Many of you may have read my previous posts on depression on my personal blog or even on the #SAChat blog. Several of you even contacted me – either to send messages of support or tell me about your own struggles with depression or other mental illnesses. I find that even now, almost four months later, I receive messages from people struggling with depression, anxiety, or other mental illnesses/mental health issues. Often, they are just looking for someone who knows what they’re going through. They want to be able to talk and not have to explain themselves. They want advice and reassurance that it gets better. They want to know they’re not alone.
I can’t emphasize this enough: I am thrilled to be that person. That might seem odd, but I really and truly am. You know why? Because it means that they have someone they can call, and they feel comfortable enough with me for me to be that someone. Thinking back on the times I struggled most with my depression, I know that some of the most comforting moments were when I was able to talk to a good friend of mine who has similar struggles. If I had not had that touchpoint, I can’t be certain I would have made it through as I did.
So please, keep calling, writing, tweeting, Facebooking, just generally reaching out to me – whenever you need it. I’m here. I get it. I’m ready to be your “someone.”
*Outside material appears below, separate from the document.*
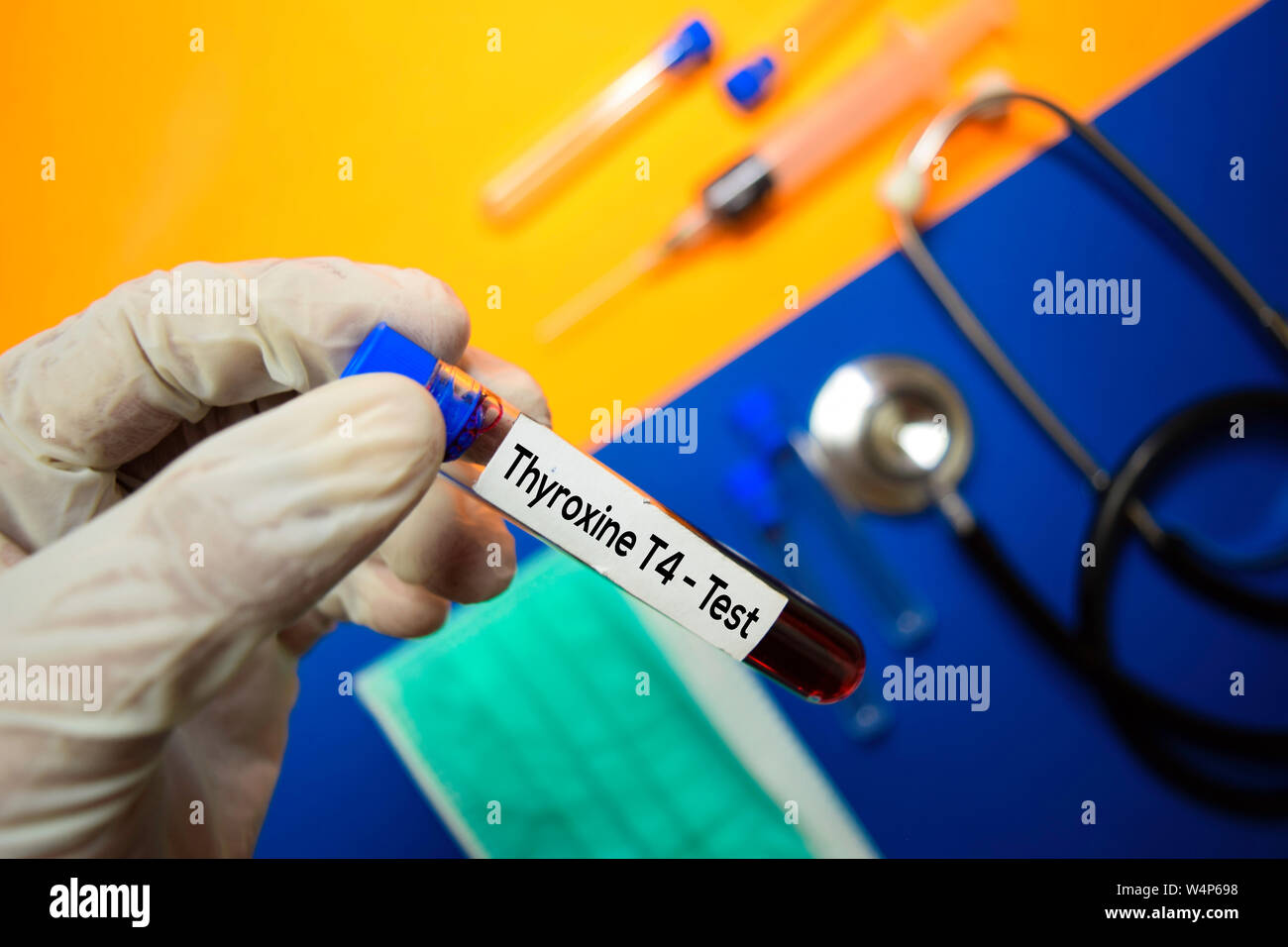 Thyroxine T4 Test with blood sample. Top view isolated on color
That being said – why aren’t there more “someones” out there? I think it still in large part has to do with the fear of “outing” oneself as depressed, as mentally ill or unwell. Hey, I can’t blame them – I’m 35, and I’m just newly comfortable talking about it to the extent that I do. And when I say “comfortable,” I really mean that I’m comfortable writing about it. I still struggle with the occasional person that says something to me about my posts face-to-face – it’s much easier behind the glare of my computer screen than in person.
This tells me we have a long way to go as a profession.
How are you showing your colleagues that you’re ready to be there for them? That you’re ready to accept them without stigma? How will we fight the need for fear together?